Proprio questo è il punto centrale della questione: entro quanto tempo si può ricevere lo stipendio? O, meglio ancora, qual è il ritardo massimo che il datore può accumulare prima di scivolare nell'irregolarità. Come vedremo a breve, non esiste una scadenza comune per tutti i dipendenti e il punto di riferimento è il Contratto collettivo nazionale di lavoro applicato (Ccnl).

Ciascuno di loro può infatti prevedere disposizioni specifiche e anche molto differenti da un contratto all'altro. Il punto in comune è che oltre un certo limite, il lavoratore è autorizzato quantomeno a sollecitare il datore a regolarizzare i pagamenti e magari a rispettare la puntualità nelle mensilità successive. Vediamo in questo articolo

  • Pagamento stipendio, qual è il tempo massimo
  • Ritardo massimo per pagamento stipendio

Pagamento stipendio, qual è il tempo massimo

La prima regola da conoscere è che non esiste una regola generale sui tempi massimi entro cui il datore di lavoro. Per saperlo occorre consultare il proprio contratto di lavoro, ma anche quello generale di categoria.

E come premesso, la varietà è massima, considerando i vari contratti per Commercio Terziario e Servizi, Spettacolo, Istituzioni Private, Marittimi, Dirigenti Settore Privato, Giornalisti, Enti Pubblici, Chimica, Trasporti, Agricoltura e Allevamento, Alimentari, Edilizia e Legno, Credito e Assicurazioni, Tessili, Metalmeccanici, Scuola, Meccanici, Turismo.

Lavoratori pubblici a parte, per cui il pagamento dello stipendio avviene entro il giorno 27 dello stesso mese, in linea di massima la deadline è fissata nel giorno 10 del mese successivo a quello lavorativo.

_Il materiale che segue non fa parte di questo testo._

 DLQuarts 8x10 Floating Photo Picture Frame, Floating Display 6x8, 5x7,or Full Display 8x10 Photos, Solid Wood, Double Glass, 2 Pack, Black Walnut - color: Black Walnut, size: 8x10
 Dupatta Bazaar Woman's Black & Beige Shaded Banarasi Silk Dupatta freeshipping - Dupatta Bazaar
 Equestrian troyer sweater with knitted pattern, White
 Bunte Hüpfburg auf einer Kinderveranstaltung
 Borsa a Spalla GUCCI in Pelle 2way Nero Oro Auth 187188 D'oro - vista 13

Con la precisazione che questa data indicato il giorno entro cui il dipendente è chiamato a ricevere materialmente lo stipendio e non entro cui il datore è chiamato a effettuare il bonifico.

Ritardo massimo per pagamento stipendio

C'è però un caso tutt'altro che raro ovvero la mancata indicazione di scadenze nel contratto di lavoro. In questa situazione, la regola generale (non scritta) prevede che lo stipendio venga accreditato entro l'ultimo giorno del mese lavorativo.

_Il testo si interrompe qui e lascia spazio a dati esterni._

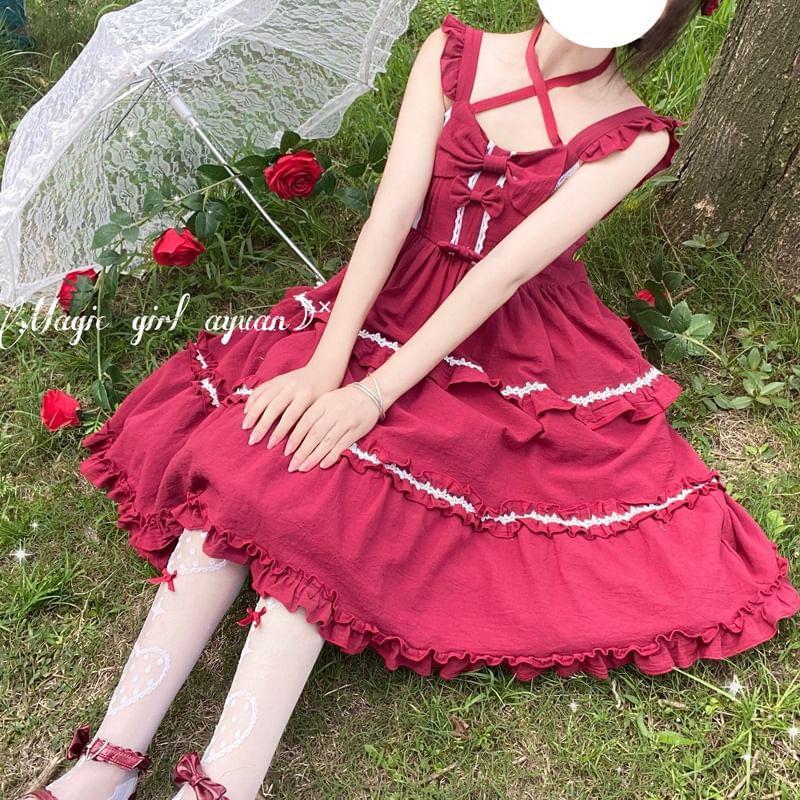 Puff-Sleeve Bow Ruffled Midi Pinafore Dress / Petticoat Product Image
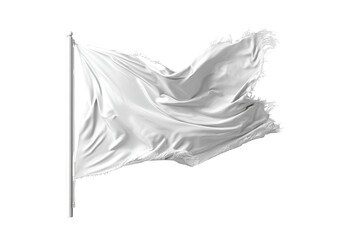 White flag waves, tattered edges, against black background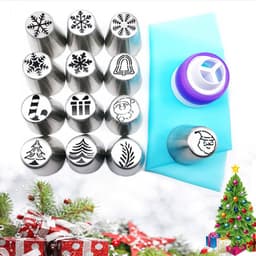 image-Stainless Steel Christmas Piping Nozzle Set 15pcs - Cream Decor Tools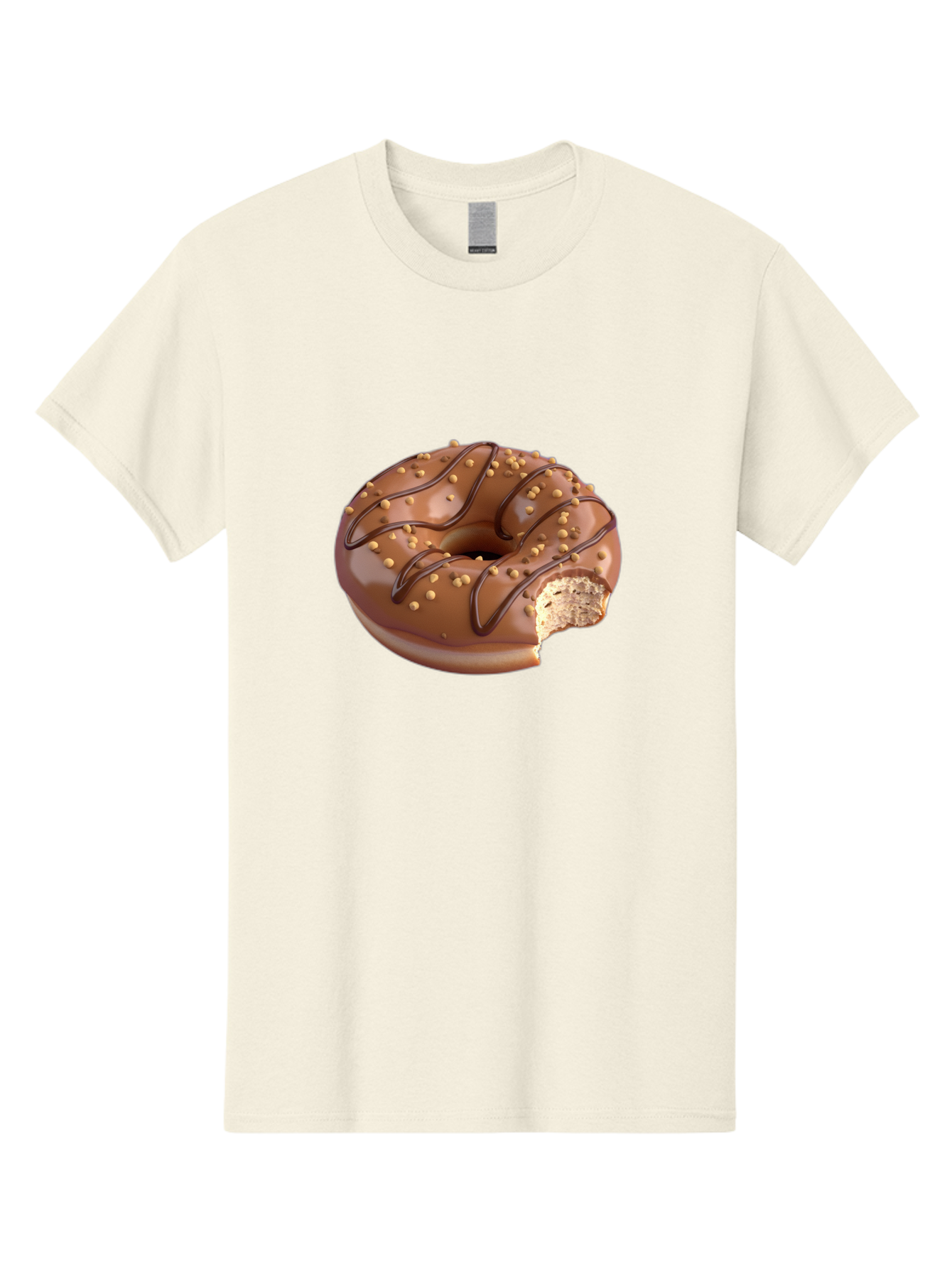 Chocolate-Donut-2 Men'S Graphic Tee, 100% Cotton, Comfortable Casual Summer Wear, Machine Washable, Chocolate Donut, Chocolate Frosting, Donut With Nuts, Chocolate Glaze, Donut With Sprinkles, Sweet Treat, Baked Goods, Doughnut Delight, Baa301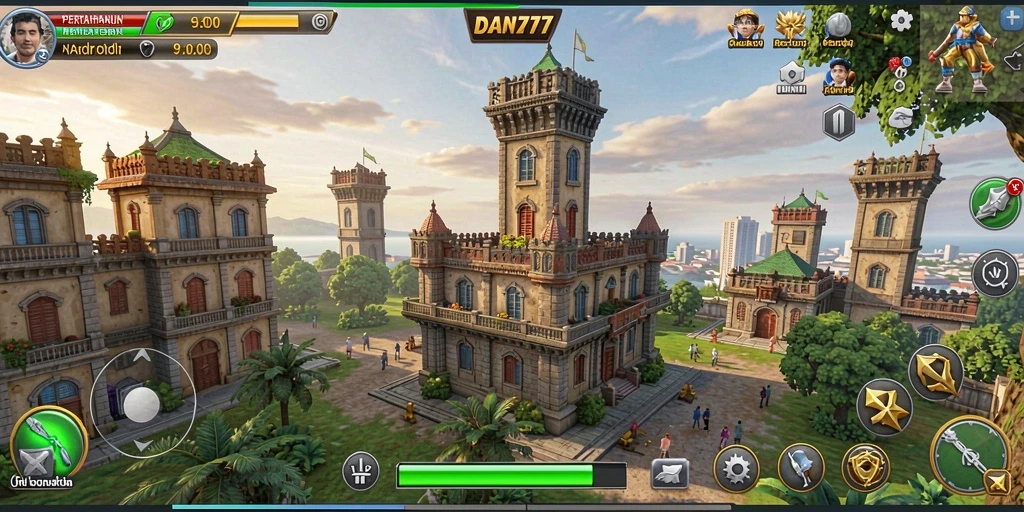 Tampilan gameplay strategis di DAN777 dengan menara dan musuh beragam.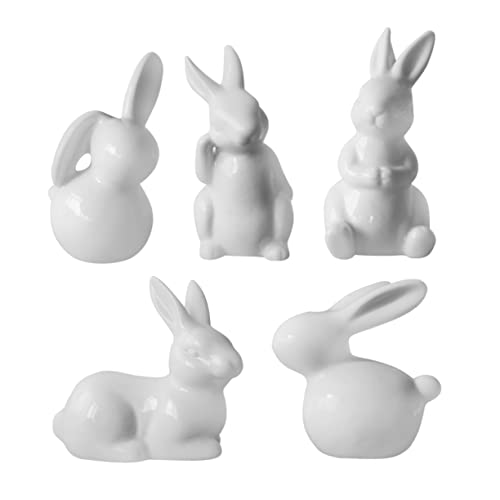 ULDIGI 3 Stück Teiliges Keramik Hasen Deko Set Realistische Miniatur Hasenfiguren aus Hochwertiger Keramik Charmante Desktop Ornamente für Zuhause und Büro Langlebige Tischdekoration von ULDIGI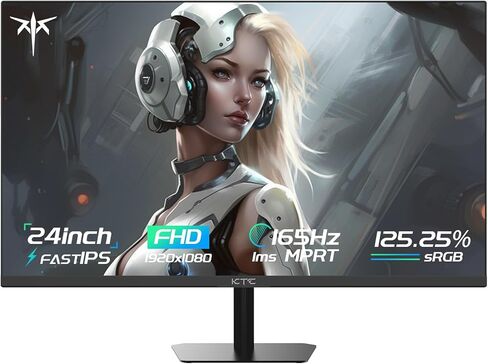 KTC 24 Inch 180Hz Gaming Monitor, 2K QHD Fast IPS PC Gaming Monitor, 1440p 1ms Computer Monitor 144Hz, G-Sync and FreeSync Compatibility, HDR Support, HDMI Displayport, VESA, Q24T09 in Saudi Arabia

Fissati questi principi, è bene sapere che non esiste un ritardo massimo entro cui lo stipendio deve essere pagato. Che sia di qualche giorno o di settimane cambia poco: il lavoratore può fare valere i propri diritti.

Ogni circostanza è diversa, ma appare eccessivo intraprendere un'azione legale nel caso di ritardo di pochi giorni, anche e soprattutto se non ci sono precedenti.

Oltre al sollecito verbale è importo sapere cosa fare in caso di ritardo nel pagamento dello stipendio. C'è infatti il sollecito scritto via raccomandata andata e ritorno oppure via Pec. Allo stesso tempo è possibile procedere con una lettera di diffida oppure avviare la conciliazione all'Ispettorato nazionale del lavoro.

La carta finale da giocare è la richiesta di decreto ingiuntivo in tribunale per ottenere gli stipendi arretrati.